DIRECTIONS | Tally the lines below that contain the word "Christmas", then give the tally alone.

[Stored dataset items]
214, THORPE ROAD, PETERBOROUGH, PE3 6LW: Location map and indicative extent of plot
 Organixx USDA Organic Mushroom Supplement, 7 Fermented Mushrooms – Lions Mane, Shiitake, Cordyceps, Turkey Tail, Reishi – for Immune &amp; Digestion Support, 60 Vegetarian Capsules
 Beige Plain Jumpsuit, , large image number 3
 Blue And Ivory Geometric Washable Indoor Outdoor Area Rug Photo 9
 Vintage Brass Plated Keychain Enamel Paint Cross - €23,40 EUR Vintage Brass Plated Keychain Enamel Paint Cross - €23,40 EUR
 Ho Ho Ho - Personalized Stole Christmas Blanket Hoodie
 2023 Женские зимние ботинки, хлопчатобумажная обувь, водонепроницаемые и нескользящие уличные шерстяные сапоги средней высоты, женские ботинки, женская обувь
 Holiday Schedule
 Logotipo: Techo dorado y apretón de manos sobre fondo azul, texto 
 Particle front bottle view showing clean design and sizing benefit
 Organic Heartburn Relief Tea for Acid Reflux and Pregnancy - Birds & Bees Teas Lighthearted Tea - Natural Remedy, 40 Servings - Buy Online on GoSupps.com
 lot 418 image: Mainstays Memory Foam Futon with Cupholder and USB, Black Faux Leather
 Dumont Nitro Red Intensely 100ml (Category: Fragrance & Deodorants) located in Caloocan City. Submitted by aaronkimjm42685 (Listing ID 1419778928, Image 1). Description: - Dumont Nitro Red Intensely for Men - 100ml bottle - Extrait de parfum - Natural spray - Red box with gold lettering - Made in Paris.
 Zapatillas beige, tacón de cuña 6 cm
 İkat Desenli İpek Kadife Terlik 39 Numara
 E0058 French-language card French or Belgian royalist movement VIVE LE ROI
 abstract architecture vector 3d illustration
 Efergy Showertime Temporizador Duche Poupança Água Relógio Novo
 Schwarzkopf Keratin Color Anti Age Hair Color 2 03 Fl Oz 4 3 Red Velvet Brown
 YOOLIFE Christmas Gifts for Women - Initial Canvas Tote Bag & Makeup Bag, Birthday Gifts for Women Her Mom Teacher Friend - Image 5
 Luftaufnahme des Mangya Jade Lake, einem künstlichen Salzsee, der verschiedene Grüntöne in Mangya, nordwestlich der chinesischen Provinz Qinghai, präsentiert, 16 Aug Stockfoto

FINISHED TASK | 2